Vou relevar aqui as relações entre eu o CC do CA e o meu comandante de batalhão, por achar dever ser do conhecimento de todos os interessados.
O comandante é o primeiro responsável pelas contas certas do batalhão. Mas essa função é cometida ao segundo comandante, por lei, como presidente do CA. Ele só pode regressar após a aprovação das contas do seu batalhão.
Ele pode, se assim entender, ordenar os gastos da sua unidade como quiser, ficando como o seu responsável final, caso as verbas sejam desviadas para outros fins.
Quando o BCAÇ 1933 se formou em Tomar, no RI 15, julgo que começou por volta de junho 67, ele ficou à espera do seu chefe do CA para tomar decisões quanto às compras de várias coisas, sejam administrativas ou de lazer e conforto.
Já todo o CA estava formado e pronto, no inicio de agosto de 67, mas o CC do CA não aparecia em Santa Margarida onde se encontravam as tropas a fazer o IAO. Quem foi nomeado para esta função fui eu – o alferes Teixeira – , que me encontrava então à espera de alguém no BC 10 de Chaves para fazer o estágio no CA daquela unidade.
Mas era fim de julho e depois agosto, e como não havia ninguém no CA para dar a tal formação, estava tudo de férias, e com aquele calor sofucante, eu simplesmente deixei de aparecer durante duas semanas, isto é, tecnicamente era um desertor.
Nunca falei com ninguém no BC 10, apenas me apresentei lá ao Comandante no dia em que cheguei e nunca mais falámos. Aluguei uma cama numa vivenda no centro, de uma senhora que vivia sozinha, onde eu dormia no hall de entrada, e tomava banho, tudo o resto era cá fora.
Tinha o tempo todo livre para poder visitar e estar com umas amigas de Chaves, a minha segunda terra, até hoje continua a ser. Havia muitas ligações, ia com o meu irmão nos camiões militares quando ele ia fazer serviços de Rádio no interior de Trás- os -Montes, as muitas vezes que fomos para festas e aniversários, com um colega do meu irmão que também esteve como ele, prisioneiro no Estado Português da India, e outro amigo também de Chaves, a ligação com as minhas amigas também de Chaves. Nunca passei tanto frio e calor como em Chaves.

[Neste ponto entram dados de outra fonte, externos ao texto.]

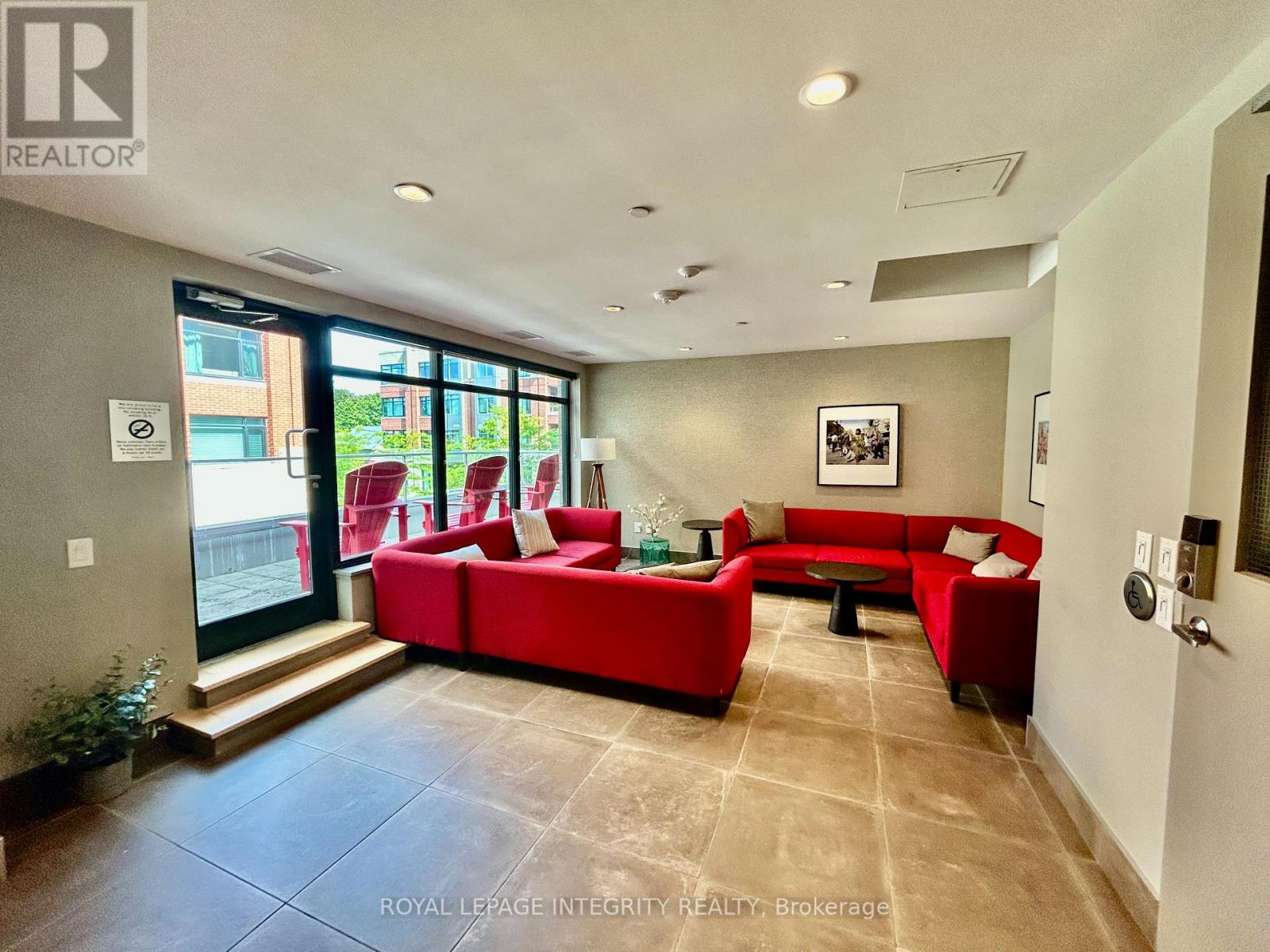 315 - 60 Springhurst Avenue, Ottawa, Ontario  K1S 5V7 - Photo 19 - X12673640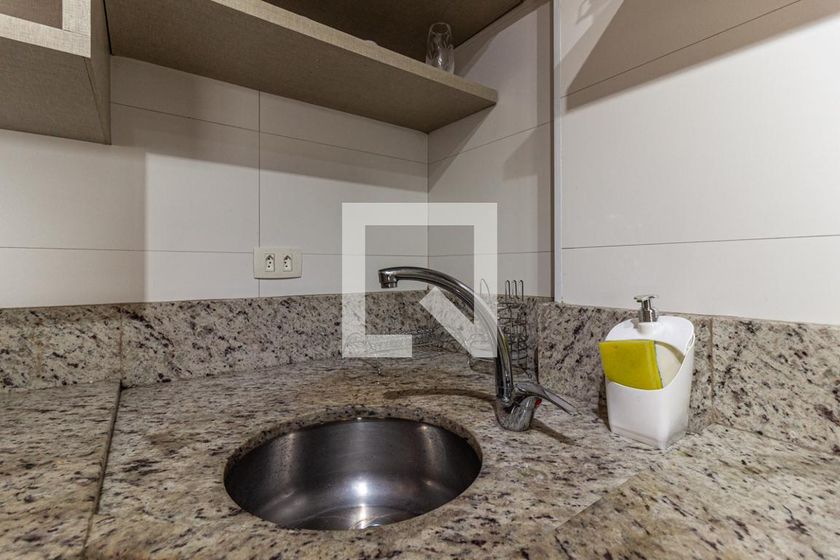 Apartamento, 1 quarto, 42 m² - Foto 44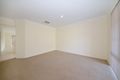 Property photo of 6/47 Pitchford Glade Clarkson WA 6030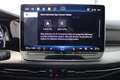 Volkswagen Golf Rabbit TSI Weiß - thumbnail 15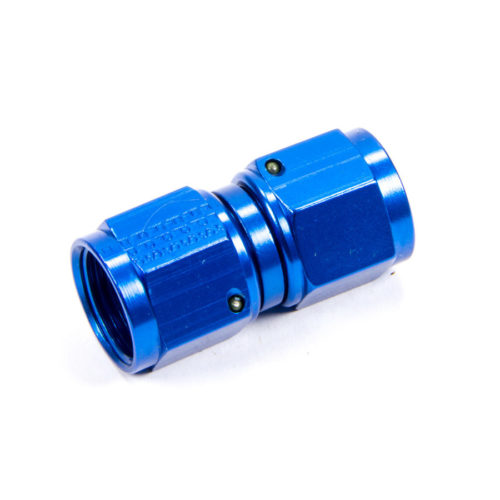 #8 Female Swivel Connector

Nas ruas nada se via, os meses de verão eram também de férias escolares, e os cafés e outros espaços, não tinham ninguém, exceto a classe idosa que tomava os seus copos nos cafés e tascas, as quais eu também frequentava. E só nos fins de semana havia algum movimento, mas eu estava no Porto, com a namorada.
Eu tinha um amigo do meu pai, o capitão Gamelas, que às segundas feiras de manhã cedo me apanhava no jardim da Arca de Água, e no seu carocha preto me levava para Chaves por aquelas estradas sinuosas com o rio lá a umas dezenas de metros no fundo, a estrada sem qualquer protecção, e era sempre a abrir, eu aproveitava também para passar pelas brasas e ao fim de umas 3 horas chegávamos ao quartel depois de percorrer uns 180 /200 quilómetros de estrada empedrada e perigosissima.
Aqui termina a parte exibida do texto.